## TASK ITEM
In the listing that follows, count the lines that include "feature", and answer with the total alone.

## MATERIAL FOR THIS TASK

--- START ---

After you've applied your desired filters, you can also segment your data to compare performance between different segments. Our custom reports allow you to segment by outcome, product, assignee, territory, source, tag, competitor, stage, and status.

--- END ---
--- START ---

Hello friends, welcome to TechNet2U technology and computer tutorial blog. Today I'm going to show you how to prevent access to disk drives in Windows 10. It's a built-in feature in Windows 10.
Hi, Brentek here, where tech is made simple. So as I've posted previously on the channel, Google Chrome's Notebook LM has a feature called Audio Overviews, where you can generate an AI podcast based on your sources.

--- END ---
--- START ---

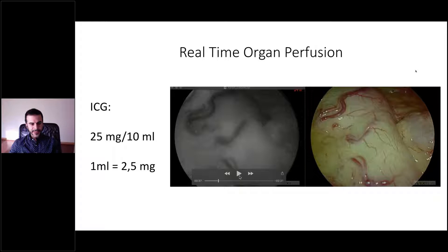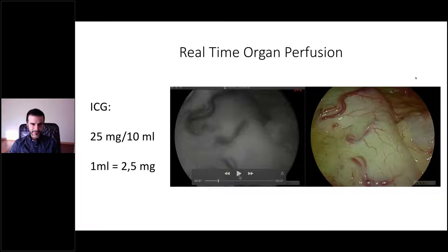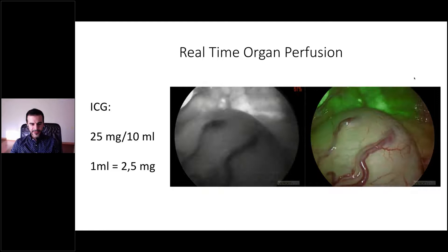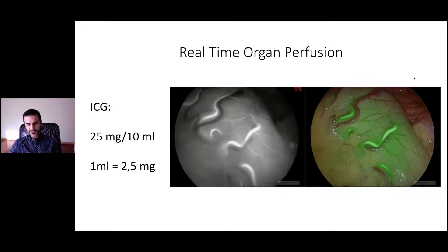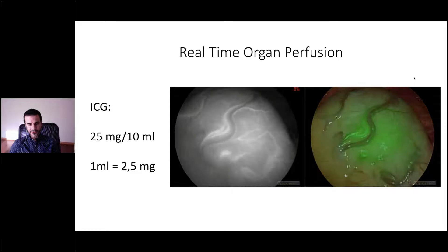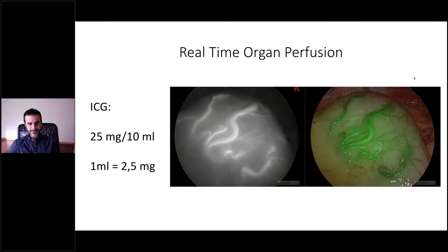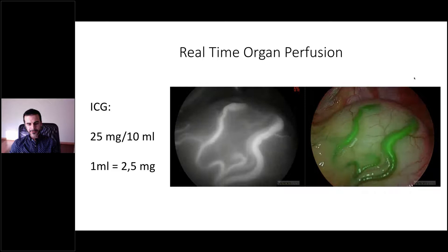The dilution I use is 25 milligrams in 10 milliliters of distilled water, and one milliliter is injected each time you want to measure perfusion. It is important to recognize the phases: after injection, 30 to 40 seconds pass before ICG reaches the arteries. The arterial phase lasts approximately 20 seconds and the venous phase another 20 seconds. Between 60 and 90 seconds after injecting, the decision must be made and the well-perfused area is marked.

--- END ---

## ANSWER TO THE EXERCISE
2